The 2nd International Conference on Negative CO2 Emissions was held at Chalmers University of Technology in Gothenburg, Sweden, June 14-17, 2022. Katrin Sievert, one of the CFP PhD candidates, represented the group as well as the ISTP Carbon Removal Lab and presented preliminary insights on the cost of direct air capture.

by Paul Tautorat
20220618_NET Conference_photo of Katrin Sievert

The purpose of this conference series is to bring together a wide range of scientists, experts and stakeholders, in order to engage in various aspects of research relating to negative CO2 emissions. Research sessions focused on negative emission technologies (e.g., Technological solutions such as Direct Air Capture, nature-based solutions such as Enhanced weathering, as well as climate modeling, climate policies and incentives).

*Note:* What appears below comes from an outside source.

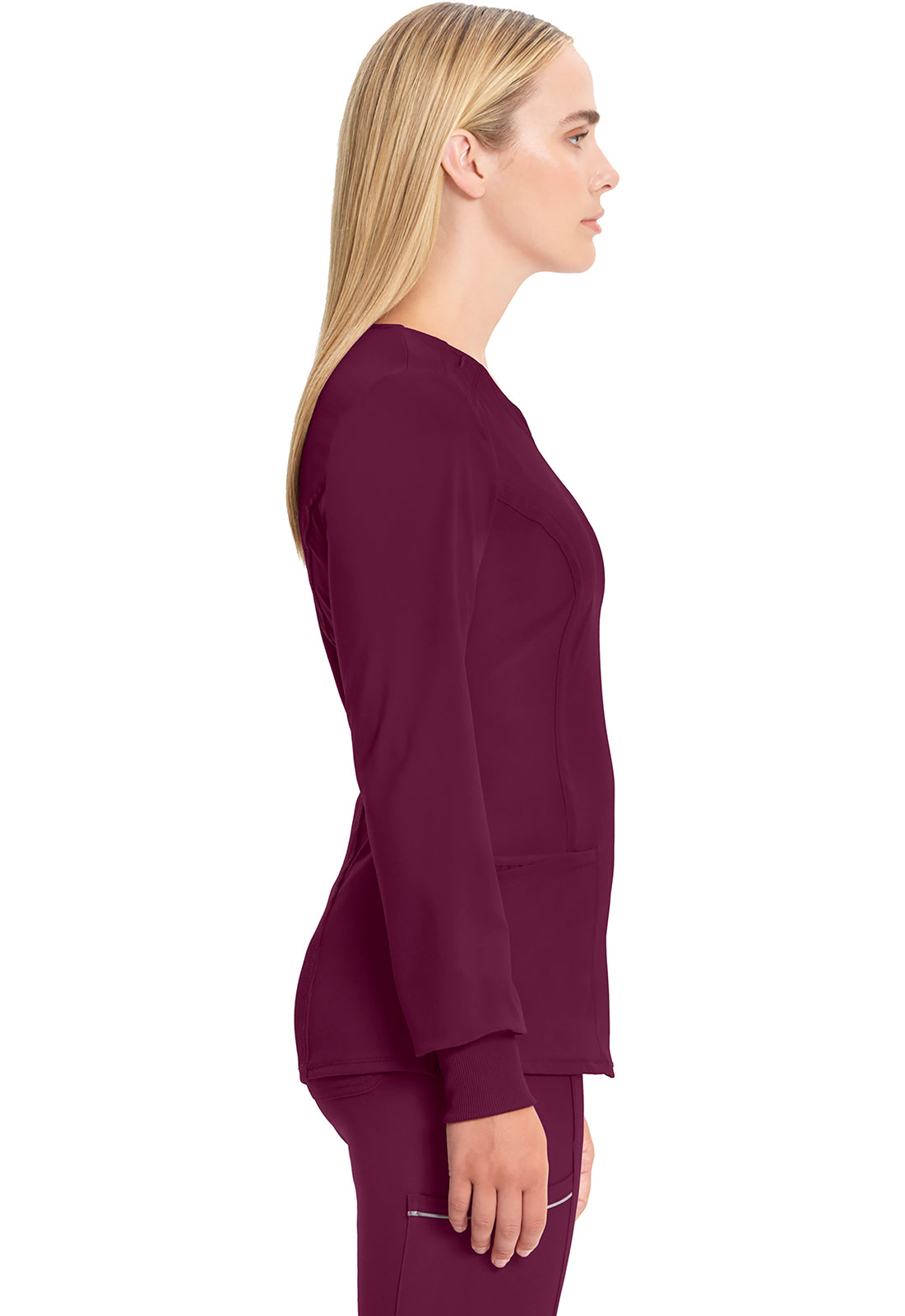 Classics CK781A Long Sleeve Round Neck Top Wine Model Image Right Side | Infinity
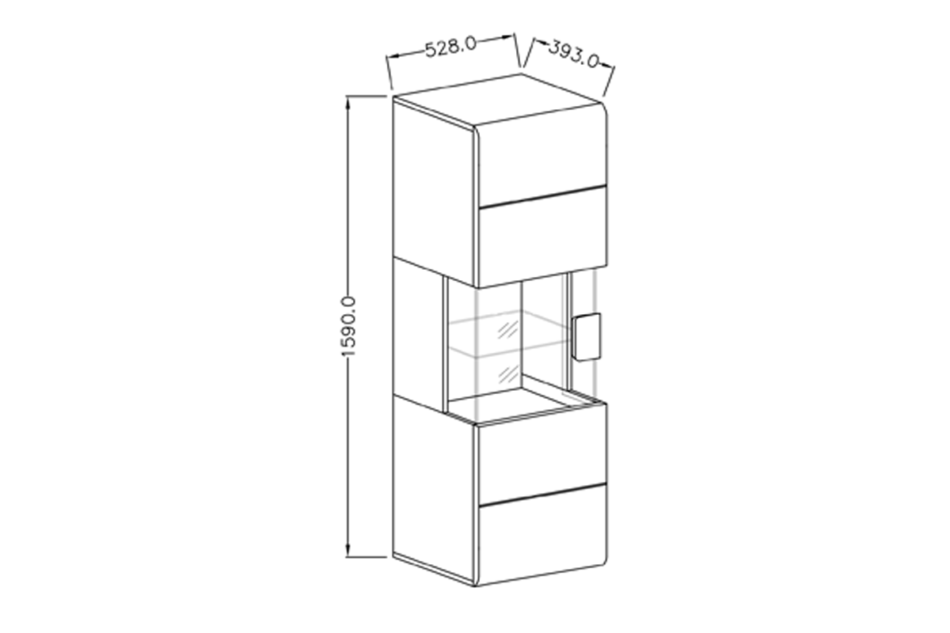 TOLEDO Witryna wisząca biały/jasny dąb - zdjęcie 3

The conference chair, Anders Lyngfelt, delivered the opening keynote, focusing on how to deal with climate debt. "All scenarios to meet 1.5°C require gigantic negative emissions. We need to remove 800 GtCO2, which will probably cost €10,000 per capita. Who will bear the cost of these negative emissions?"

The question of how to finance CDR was also taken up by other speakers, such as Liv Lundberg, who summarized the options of tax credits (e.g. 45Q), inclusion in emissions trading (e.g. ETS), contract for difference, i.e. lump sum payments such as FITs, and presented a reverse auction mechanism that is being applied to BECCS in Sweden. In his keynote address on direct air capture, Mijndert van der Spek appealed, "We only have 1-2 investment cycles left until 2050. Everything we build now has to work in a net-zero society."

In summary, the mood could best be described as a sense of we need to do everything, i.e., reducing emissions in all sectors, removing CO2 by all available and (yet) undeveloped means, and tackling other greenhouse gas emissions (e.g. methane).